That looks REALLY good, Paymaster!   Just curious, what kind of bread is that?


----------



## msmofet (Mar 21, 2015)

Cheryl J said:


> That looks REALLY good, Paymaster!  Just curious, what kind of bread is that?


 Looks like marbled pumpernickel.


----------



## Paymaster (Mar 22, 2015)

msmofet said:


> Looks like marbled pumpernickel.



Marbled Rye.


----------



## CraigC (Mar 22, 2015)

Just put my pastrami on the Egg.


----------



## RPCookin (Mar 22, 2015)

msmofet said:


> I put my crushed red pepper flakes in a grinder. That way there isn't any hot spots just a nice sprinkling of heat all over.
> 
> I use ground ghost pepper by the PINCH in my chili. That stuff is hot!
> I have never seen ghost pepper salt but will look for it because it sounds wonderful.



Ghost pepper salt seems to have become popular, at least here in Colorado.  We bought an 8 piece sampler of hot seasonings from Savory Spice Shop and there was a 2.5 oz bottle of it in that, then for Christmas my brother-in-law and his wife gave us a 3.5 oz bottle of it from High Plains Spice Shop, as well as a bottle of habeñero salt, so we are set for heat for the foreseeable future.


----------



## Roll_Bones (Mar 22, 2015)

msmofet said:


> I put my crushed red pepper flakes in a grinder. That way there isn't any hot spots just a nice sprinkling of heat all over.

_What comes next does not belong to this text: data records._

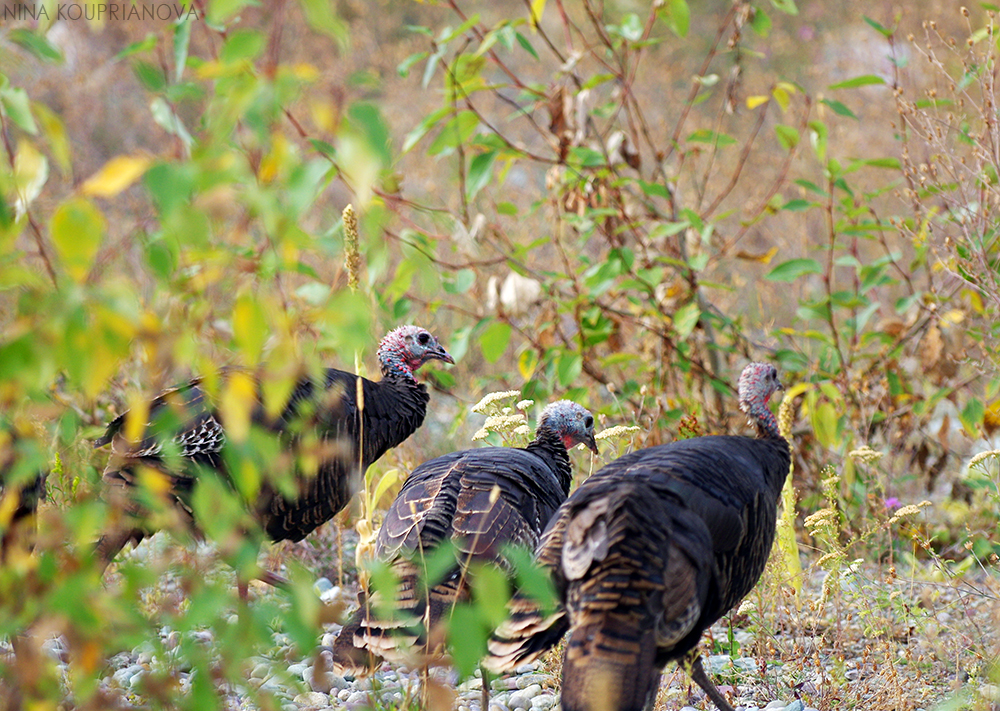 turkeys 10 1000 px url.jpg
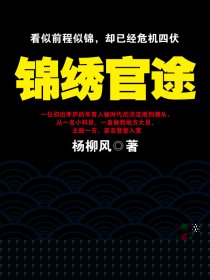 锦绣官途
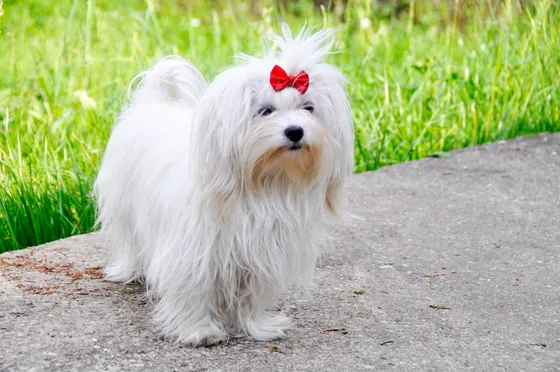 Maltezer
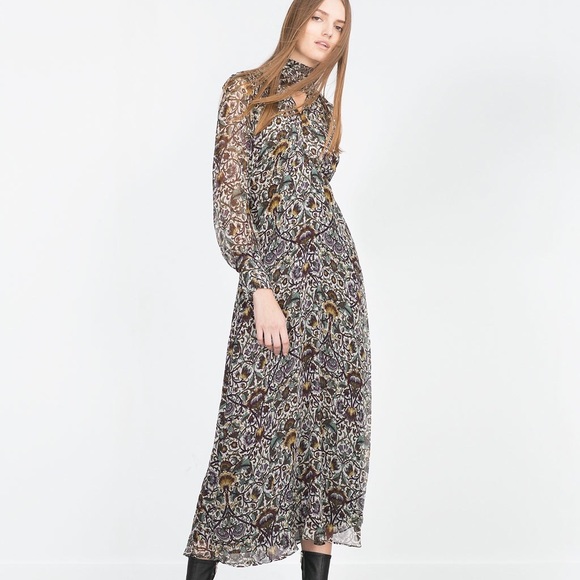 Zara Dresses & Skirts - ZARA Woman Sheer Printed Long Sleeve Maxi Dress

We like the hot spots and rarely add pepper flakes while cooking.
I like to add some when its done so you get a pop now and again.
Of course some dishes need it added in the beginning. We like it this way to.


----------



## Cheryl J (Mar 22, 2015)

Paymaster said:


> Marbled Rye.


 
Thank you, PM.  The bread looks delicious.


----------



## CWS4322 (Mar 22, 2015)

I love pastrami, Montreal smoked meat, corned beef. I just can't eat them very often--I end up having to drink jugs of water because of the salt.


----------



## TomMane (Mar 25, 2015)

*easy but it takles practise.*



msmofet said:


> Ok I have one of these > http://www.charbroil.com/the-big-easy-tru-infrared/the-big-easy-smoker-roaster-and-grill-14101550.html
> 
> 
> 
> ...


this is one of those gadgets that can take a bit of practice, fortunatley i had to use one of these in my first chef role, Kudos delivered which while a good, no actually the best catering company in the UK - and one that liked to have their gadgets likes this didnt like to bother train you on them so after weeks of trial and erros its quite easy. make sure the lid is not totally sealed, that allows better air circulation. thats they only tip you need.


----------



## Addie (Mar 25, 2015)

Welcome to DC Tom-Mane. This is a fun place for foodies. Lots of information flowing about, Some heavy discussions, but mostly light. So sit back and enjoy yourself.


----------